Pillar-Biters: Columnar Devotion as a Trope and Reality in Early Modern Europe

When and Where

Friday, March 04, 2022 2:00 pm to 4:00 pm
Online Event

Speakers

Daniel Jütte (New York University)

Description

Friday, 4 March 2022, 2:00 p.m. (Toronto time) via Zoom. To attend this talk, please send email to Megan Armstrong at marmstr@mcmaster.ca and ask her to register you for the talk. One day before the event you will receive an email containing access information to the lecture.

A common motif in late medieval and early modern Northern European art is the “pillar-biter” – a man, or occasionally also a woman, biting into a column. The iconographic meaning has been established: the motif denoted religious hypocrisy and the dissimulation of piety. But why exactly did premodern Europeans associate religious hypocrisy with columns? This question leads into a larger (and largely unstudied) issue: an unease with columns that runs deep in the Christian tradition. The case of the pillar-biter motif can serve as a starting point for a broader discussion of this phenomenon.

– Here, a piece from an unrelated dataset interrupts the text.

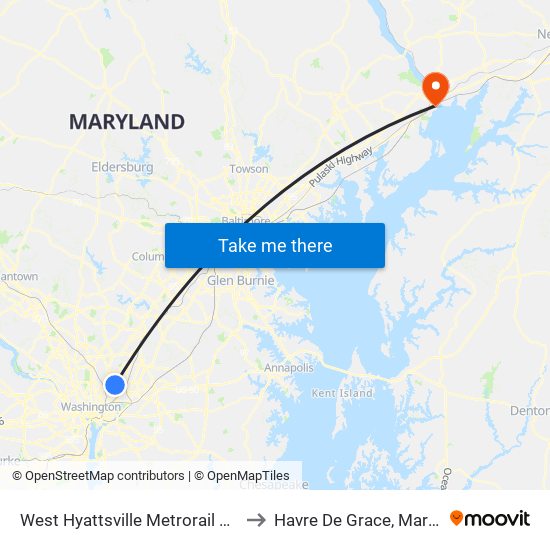 West Hyattsville Metrorail Station to Havre De Grace, Maryland map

To the modern beholder, the column may seem a mere architectural element, but, as this talk argues, premodern viewers associated it with a host of religious and devotional practices that have since fallen into oblivion.

Daniel Jütte is Associate Professor of History at New York University. He is the author of The Strait Gate: Thresholds and Power in Western History (Yale University Press, 2015), as well as The Age of Secrecy: Jews, Christians, and the Economy of Secrets, 1400–1800 (Yale University Press, 2015; first German ed.
2011). His current book project is titled Transparency: The Material History of an Idea.